Shadow & Claw (The Book of the New Sun #1-2 ) - Gene Wolfe Page 0,27

And if they are, what good can human-sized fighters do when our opponents are as large as mountains? And why didn’t the old autarchs use human soldiers?”

Jonas had wrapped the mace in a rag and stood now shifting it from one hand to the other. “That’s three questions, and the only one I can answer for certain is the second. I’ll guess at the other two, but I’m going to hold you to your promise; this is the last time we’re going to speak of these things.

“The last question first. The old autarchs, who were not autarchs or called so, did use human soldiers. But the warriors they had created by humanizing animals, and perhaps, in secret by bestializing men, were more loyal. They had to be, since the populace—who hated their rules—hated these inhuman servitors more still. Thus the servitors could be made to endure things that human soldiers would not. That may have been why they were used in the Wall. Or there may be some other explanation entirely.”

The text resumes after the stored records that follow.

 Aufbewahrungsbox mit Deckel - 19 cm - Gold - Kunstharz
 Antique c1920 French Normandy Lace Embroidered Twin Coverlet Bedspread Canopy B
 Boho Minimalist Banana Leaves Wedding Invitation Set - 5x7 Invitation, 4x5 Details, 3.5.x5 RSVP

Jonas paused and walked to the window, looking not into the street but up at the clouds. “I don’t know whether your man-apes are the same kind of hybrid. The one I saw looked quite human to me except for his pelt, so I would be inclined to agree with you that they are human beings who have undergone some change in their essential nature as a result of their life in the mines and their contact with the relics of the city buried there. Urth is very old now. It’s very old, and no doubt there have been many treasures hidden in bygone times. Gold and silver do not alter, but their guardians can suffer metamorphoses stranger than those that turn grapes to wine and sand to pearls.”

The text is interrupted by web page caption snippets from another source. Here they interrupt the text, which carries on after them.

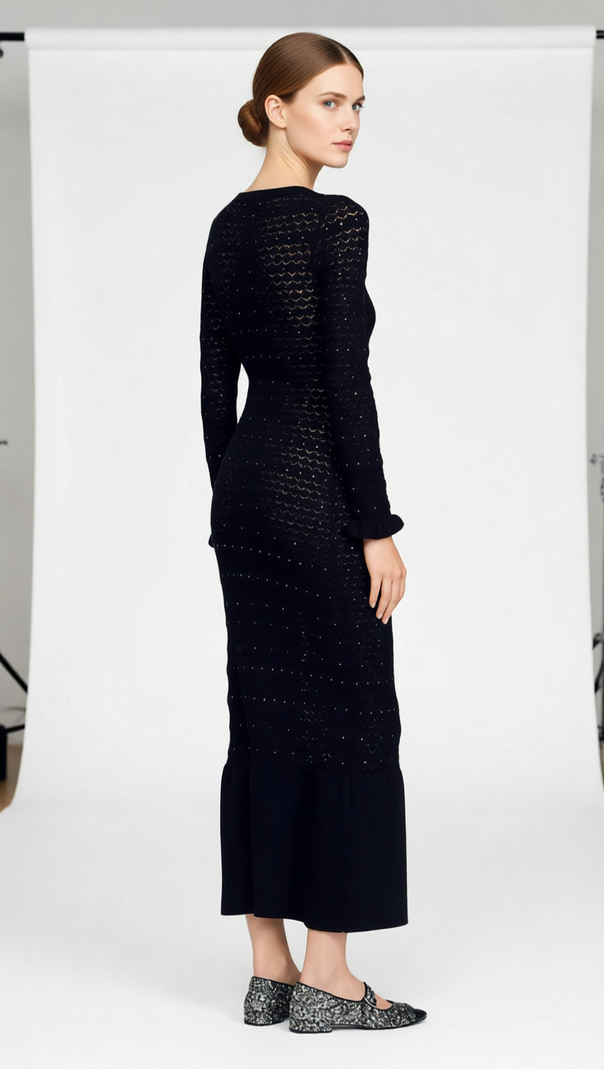 AIIZIE Glamorous Rhinestone Knit Maxi Dress with Ruffle Hem - product image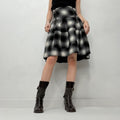 black checked puff structured skirt
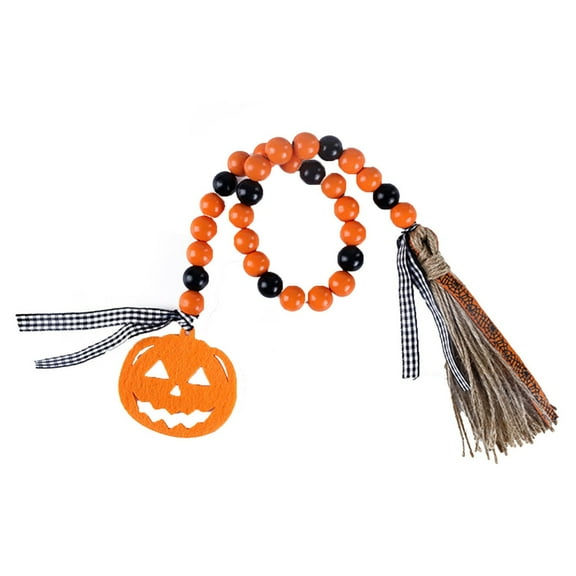 loopsun Fall Halloween Decorations Savings Clearance for Home,Halloween Wooden Bead Ornaments Pumpkin Pendant Colorful Wooden Bead Ornaments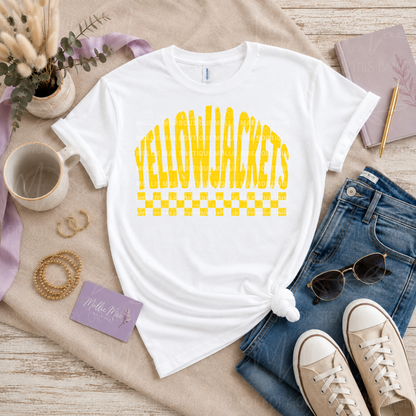 Fairview Yellow Jackets Distressed Checkered Spirit T-Shirt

I said, “But we outside endure the dark each night, and the treasures carried up from the mines are brought to us. Why haven’t we changed too?”

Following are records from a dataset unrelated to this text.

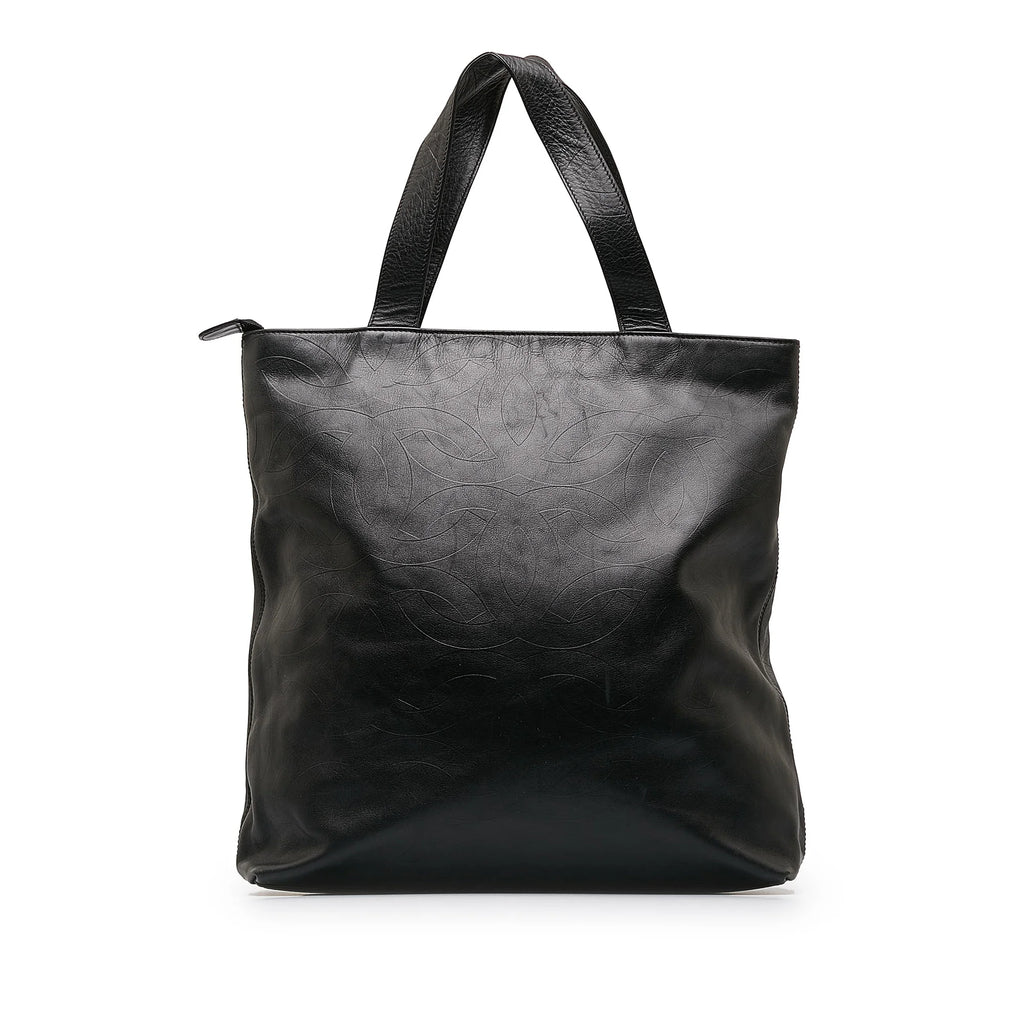 Secondhand Authenticated Chanel CC Tote Lambskin Leather Black Tote Bag Unisex (Good)
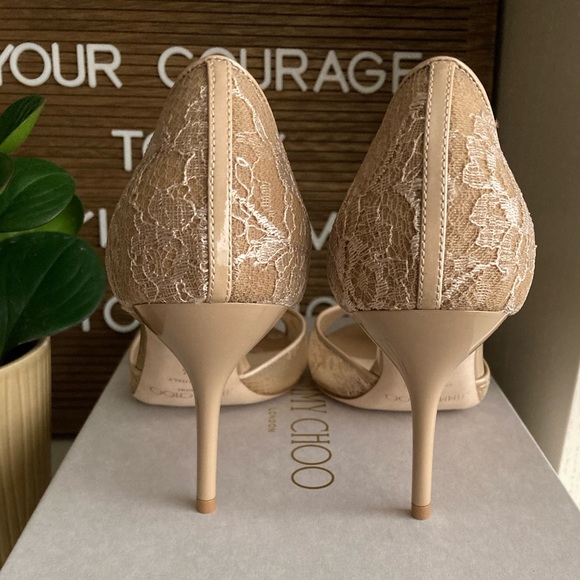 Jimmy Choo Lien Lace d’Orsay Pump, Nude - Picture 6 of 8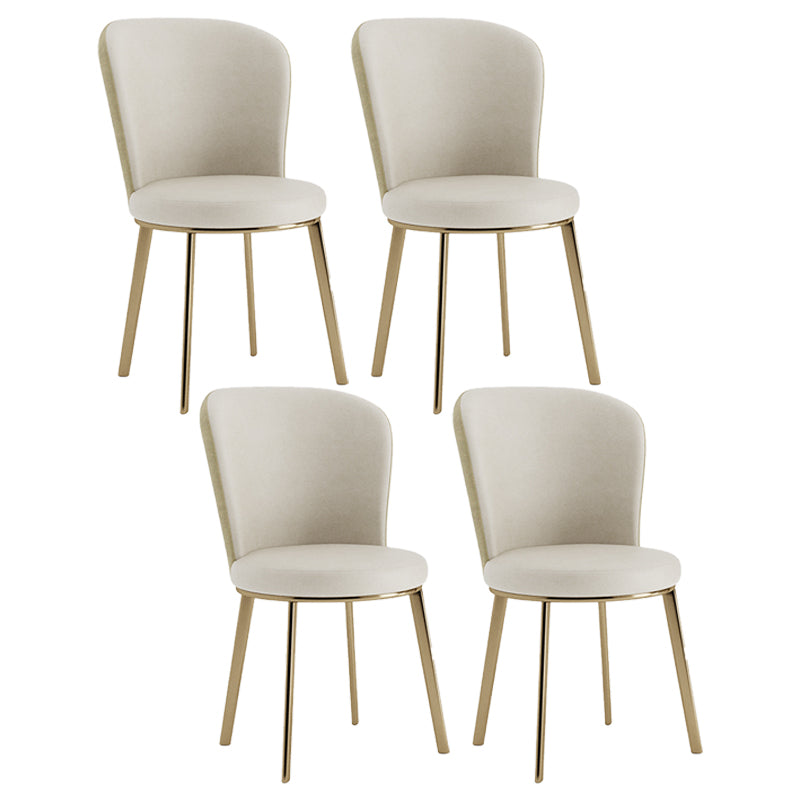 Scandinavian Style Leather Dining Chairs Solid Back Armless Dining Chairs for Home Nude 4 Piece Set Clearhalo ' kitchen&dining_furn' 'Dining Chairs' 'Dining Tables & Seating' 'dining_chair' 'furn' 'furn_dining_chair' 'Furniture' 'furniture_dining_chair' 'Kitchen & Dining Furniture' 'kitchen' 3997733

Jonas did not answer, and I remembered my promise to ask him nothing more. Still, when he turned to face me there was something in his eyes that told me I was being a fool, that we had changed. He turned away again and stared out and up once more.

“All right,” I conceded, “you don’t have to answer that. But what about the other question you pledged yourself to answer? How can human soldiers resist the monsters from the seas?”

“You were correct when you said Erebus and Abaia are as great as mountains, and I admit that I was surprised you knew it. Most people lack the imagination to conceive of anything so large, and think them no bigger than houses or ships. Their actual size is so great that while they remain on this world they can never leave the water—their own weight would crush them. You mustn’t think of them battering at the Wall with their fists, or tossing boulders about. But by their thoughts they enlist servants, and they fling them against all rules that rival their own.”

Jonas opened the inn’s door then and slipped out into the bustle of the street; I remained where I was, resting an elbow on what had been our breakfast table, and recalled the dream I had experienced when I had shared Baldander’s bed. The land could not hold us, the monstrous women had said.

Now I am come to a part of my story where I cannot help but write of something I have largely avoided mentioning before. You that read it cannot but have noticed that I have not scrupled to recount in great detail things that transpired years ago, and to give the very words of those who spoke to me, and the very words with which I replied; and you must have thought this only a conventional device I had adopted to make my story flow more smoothly. The truth is that I am one of those who are cursed with what is called perfect recollection. We cannot, as I have sometimes heard foolishly alleged, remember everything. I cannot recall the ordering of the books on the shelves in the library of Master Ultan, for example. But I can remember more than many would credit: the position of each object on a table I walked past when I was a child, and even that I have recalled some scene to mind previously, and how that remembered incident differed from the memory of it I have now.